Viewers across the globe need to get used to a new trend – there will be more of China in Hollywood movies. Be it via product placements such as Huiyuan’s billboard, shooting in Chinese locations, Chinese actors, or simply Chinese money in Hollywood movies.
Take Iron Man 3, which is scheduled for release in May (and is incidentally being co-produced by DMG Entertainment, a Chinese company). Tony Stark (a.k.a Iron Man) will be seen using Chinese electronics giant TCL’s televisions and mobile technology in this sequel.
This is, by no means, a new trend. Transformers 3: Dark of the Moon (the Transformers series is very popular in China) featured many Chinese brands – Yili Milk (of the melamine-in-milk scandal fame), Meters/Bonwe, Lenovo and TCL.
While Hollywood is courting China for reasons that are not hard to fathom (huge audiences that can help them make up for low box office revenues back home – I’ll address this in a future post) and in ways that are a little surprising, Chinese brands advertising through Hollywood movies is a rather interesting trend. While I can see why a Lenovo or a TCL, brands that already have a significant global footprint, are doing this, I initially found it hard to understand what Yili Milk was doing in this motley bunch. While the company has global ambitions, so far it hasn’t done much outside China, except buy a New Zealand dairy company to manufacture baby milk powder.

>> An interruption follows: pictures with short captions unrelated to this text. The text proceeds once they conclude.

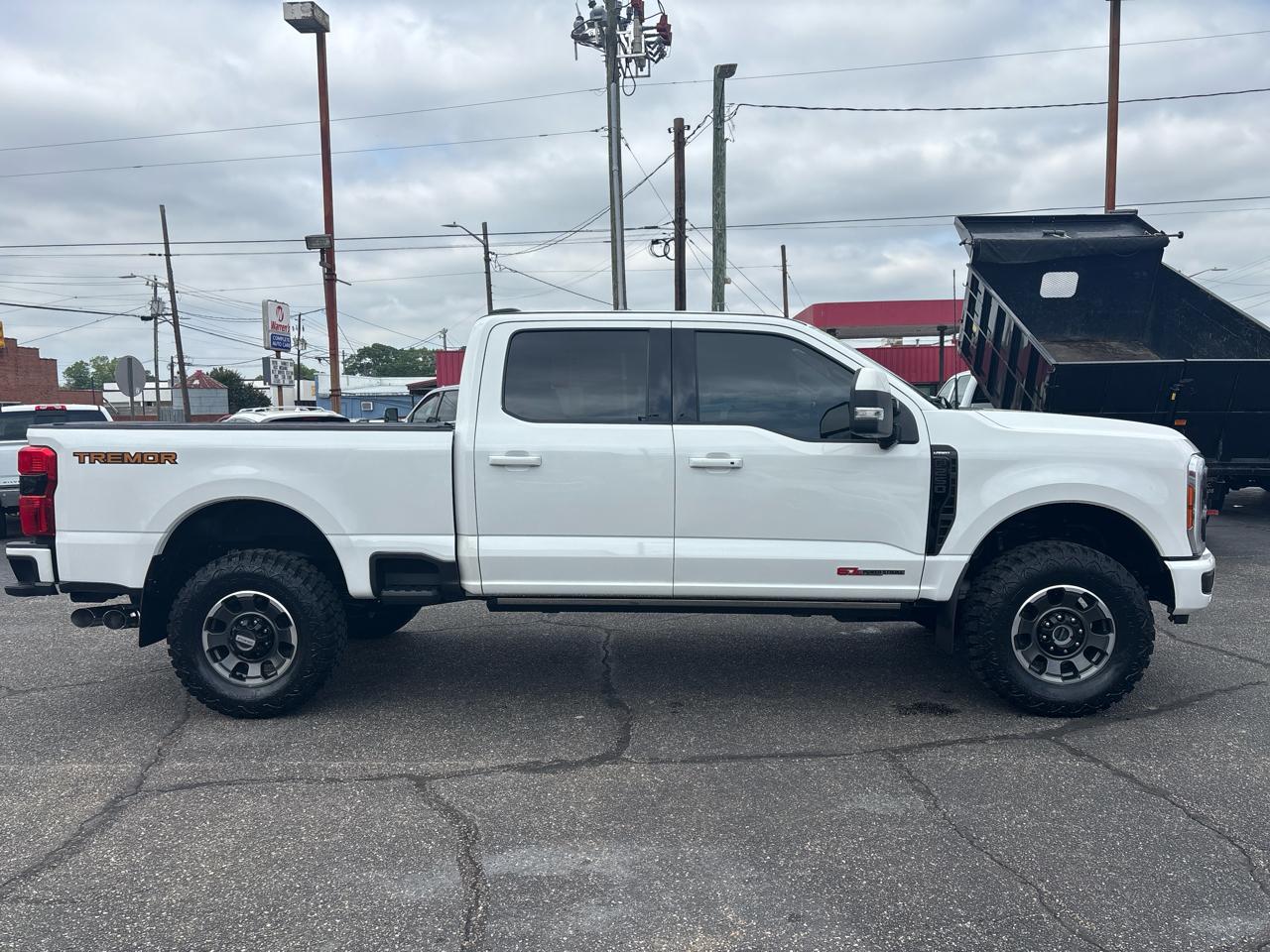 Ford Super Duty F-250 SRW Lariat 4WD Crew Cab 6.75' Box 2023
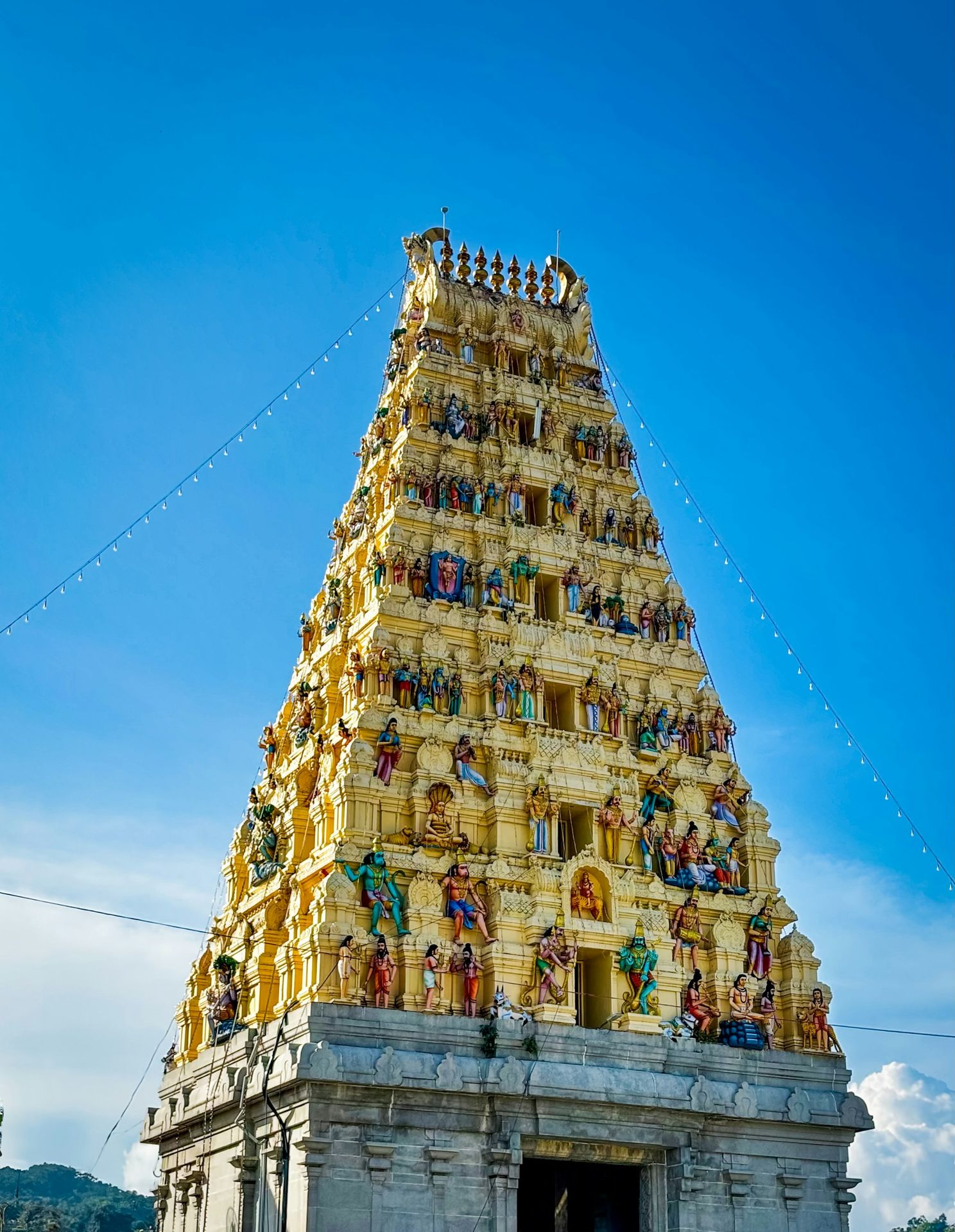 A very tall tower with statues on it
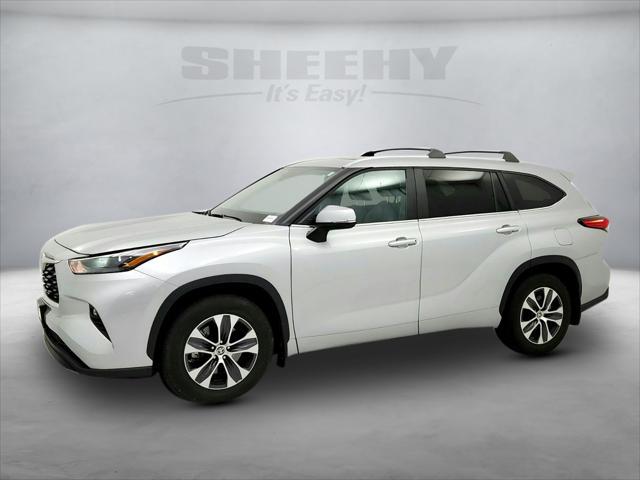 used 2023 Toyota Highlander car, priced at $37,791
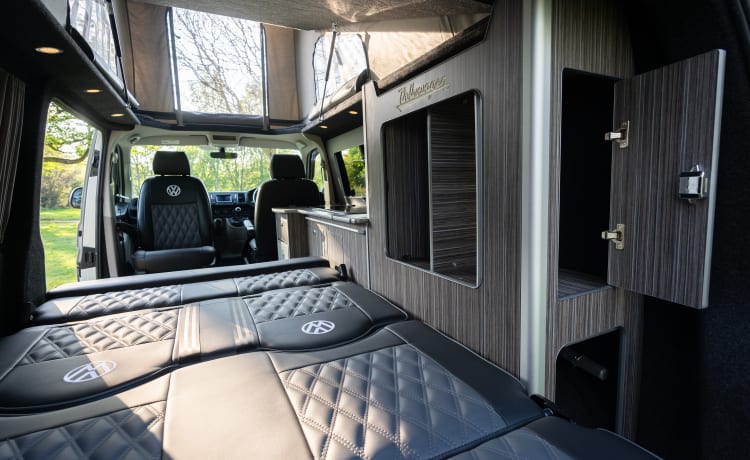 Eleanor  – Volkswagen T6 Highline LWB camper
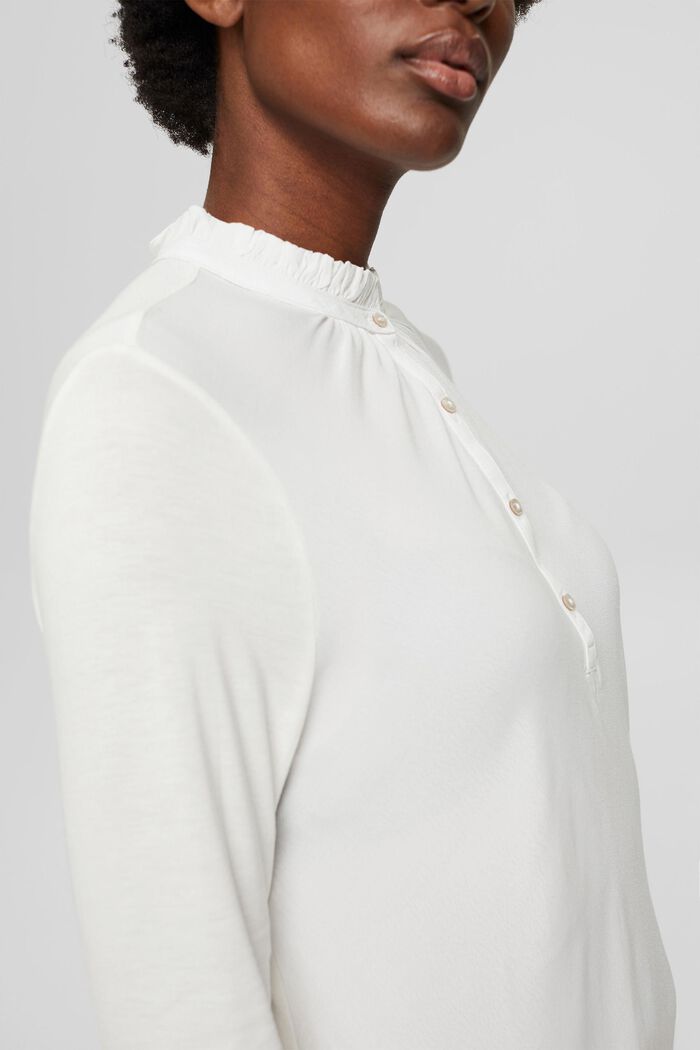 Long sleeve top with buttons, LENZING™ ECOVERO™, OFF WHITE, detail image number 2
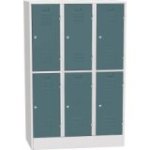 Horizontāli sadalīts metāla skapis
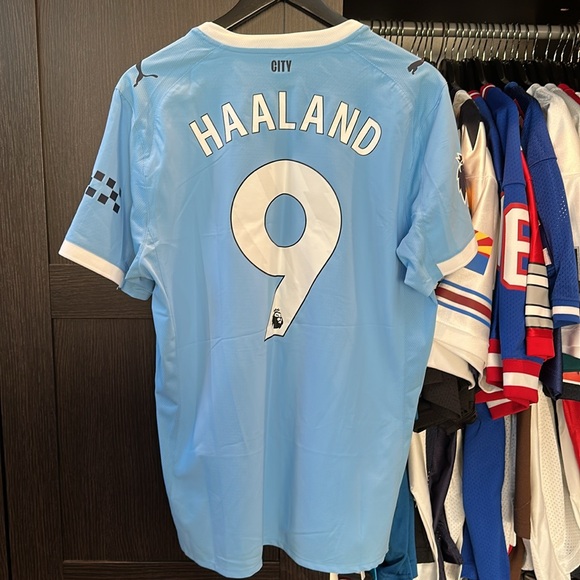 Erling Haaland Manchester City Puma 2025/26 Home Authentic Jersey - Sky Blue - Picture 6 of 7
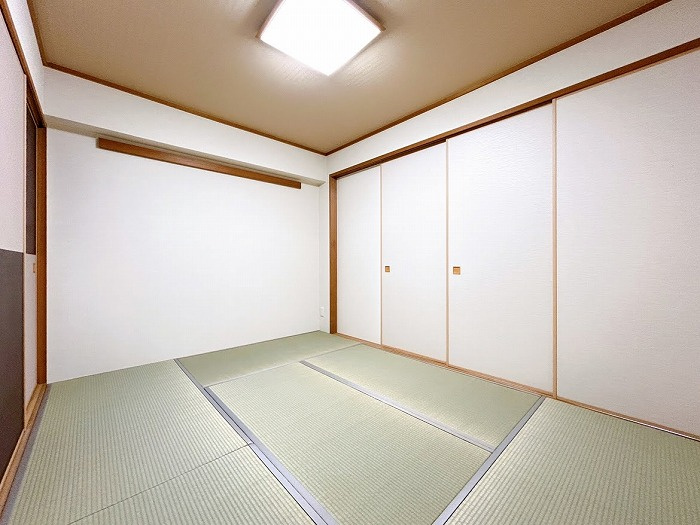 【仲介手数料無料／蟹江町】　ラドーニタワー蟹江　302号室の和室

This is not the first time Yili has taken a stab at unconventional advertising like this. During the London Olympics, the company launched a campaign on London’s famous red double-decker buses. The ad, which displayed a rather exuberant elderly Chinese couple, puzzled Londoners – Yili Milk is practically unheard of outside China and is not available in the UK.
New York’s Times Square, the mecca of digital advertising, has seen similar puzzling ads from brands as diverse as Erdos Group, Wuliangye Liquor and Xinhua News Agency. Very few of these brands have much to do outside China.
And then there is the curious case of Bosideng, a Chinese clothing brand that probably few outside the mainland have heard of. Bosideng went and opened a store in an upmarket location in London.
There is a rather convoluted explanation to all this. It is, in reality, a very complicated marketing ploy. Now, Bosideng’s target is probably not the consumer in London. They are looking at Chinese consumers based in London, as well as the increasingly mobile Chinese tourists, whose numbers are swelling each year. The assumption probably is that seeing a Bosideng store on London’s upmarket South Molton Street will have a positive rub-off effect on Bosideng outlets in Beijing and Shanghai. Consumers will start to view it as a Chinese brand with Western-acceptability, and hence a brand with the attributes of high-fashion and high-quality. That will bode well for the brand back home, the actual target market.
It’s the same for Yili Milk or Huiyuan Juice – whether it is in a James Bond movie or on a London bus.
But does this tack really pay off? I wish I knew.